18 October 2010

Why Murdoch's Minions Might Muck Up FIFA

We found out Friday that vuvuzelas will not blare en masse from Arrowhead Stadium in 2018. Now we might have to wait a bit longer to see if Lamar's Lair will welcome the world in 2022.

FIFA executives are now saying that they might postpone their vote on who gets to hose the 2018 and 2022 World Cup finals, currently scheduled for 2 December, following a sting expose by The Sunday Times. In their article (complete with undercover videos that are only available via a paid subscription), two Sunday Times reporters pose as English-based lobbyists trying to buy votes for the US' 2022 bid. In particular, they entertain offers from the presidents of football federations in Nigeria and Tahiti, both of whom are on FIFA's executive board and wield clout amongst the African and Oceania confederations.

FIFA have vowed to move swiftly with their investigation, and could suspend the impugned executives as early as Wednesday. Additionally, FIFA's ethics committee are reported to also be investigating reports of collusion between bidding committees, likely concerning vote swaps. While it could be another potential embarrassment for England's hopes to host the 2018 finals, there just might be an underlying reason for this. (Please convert your old UHF antennae into tinfoil hats… now.)

The Sunday Times is part of Rupert Murdoch's News Corporation conglomerate, the same conglomerate that owns the Sky network of channels in the UK and the Fox networks in the US and Australia. Despite building much of their sport coverage on association football (namely Fox Soccer and Soccer Plus in the US and Sky Sports' Soccer Saturday), none of these channels have ever broadcast the sporting event that's surpassed even the Summer Olympics in cumulative audience numbers.

Since 1994, coverage rights of the World Cup in the US have been owned by ABC, whose parent company Disney also owns ESPN. In England, broadcast rights are split between ITV and the BBC. However, the current partnership is due to expire after the 2014 finals in Brazil, with no current indication of either the partnership being renewed or the World Cup remaining on a government list of sporting events required to be shown on free-to-air broadcasters. In Australia, semi-public broadcaster SBS have the rights.
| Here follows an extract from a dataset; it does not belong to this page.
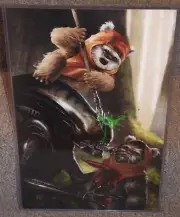 Star Wars Ewoks vs Alien Glossy Art Print 11 x 17 In Hard Plastic Sleeve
While a majority of major US sporting events remain on terrestrial or basic cable/satellite channels, in Britain most anything not on the government's protected list has been picked up by Sky or ESPN (which replaced Setanta Sports when the Irish-based channel collapsed last year) on a pay-to-air basis. This includes all Premier League fixtures and high-profile cricket Test series, namely The Ashes.

Were England to win the 2018 bid and either Australia or the United States to follow in 2022, News Corp. would have home turf for eight years. While their newspapers would generate a large following reporting on preparations and whipping up support by way of nationalistic headlines atop The Sun and New York Post, an even larger chunk of revenue could come to them if they had exclusive rights to broadcast coverage in all three nations. Granted, it might not go down well were Fox to pre-empt habitual coverage of Cardinals baseball and NASCAR with 22 guys in shorts chipping a ball around. But the audiences, ad revenue, and ability to force subscribers to pay to view every game would generate far more revenue and profit for News Corp.

While such an insinuation–that a media conglomerate would conspire against its nations' interests as to prevent their domestic competitors from raking in millions–would need a ton of concrete evidence to support, the circumstances seem to connect (if only within the cosy confines of a tinfoil hat). Why would The Sunday Times pose as agents acting on behalf of the US Soccer Federation to sting and expose two corrupt voters that representatives from England's bid courted early in the process? Is it possible that, knowing that the status quo for broadcasting World Cup games will remain in place, News Corp is seeking to undermine or derail the bidding process as to prevent their competition from milking the home-field advantage?

Such a scenario, even if true, would be preposterous to believe and damning if accurate. But should English-speaking nations prevail come December, I suspect the current broadcasters will quickly ink new deals to extend their coverage rights and secure the eventual windfall from broadcasting the world's biggest single-sport spectacle, much to the dismay of Murdoch's empire.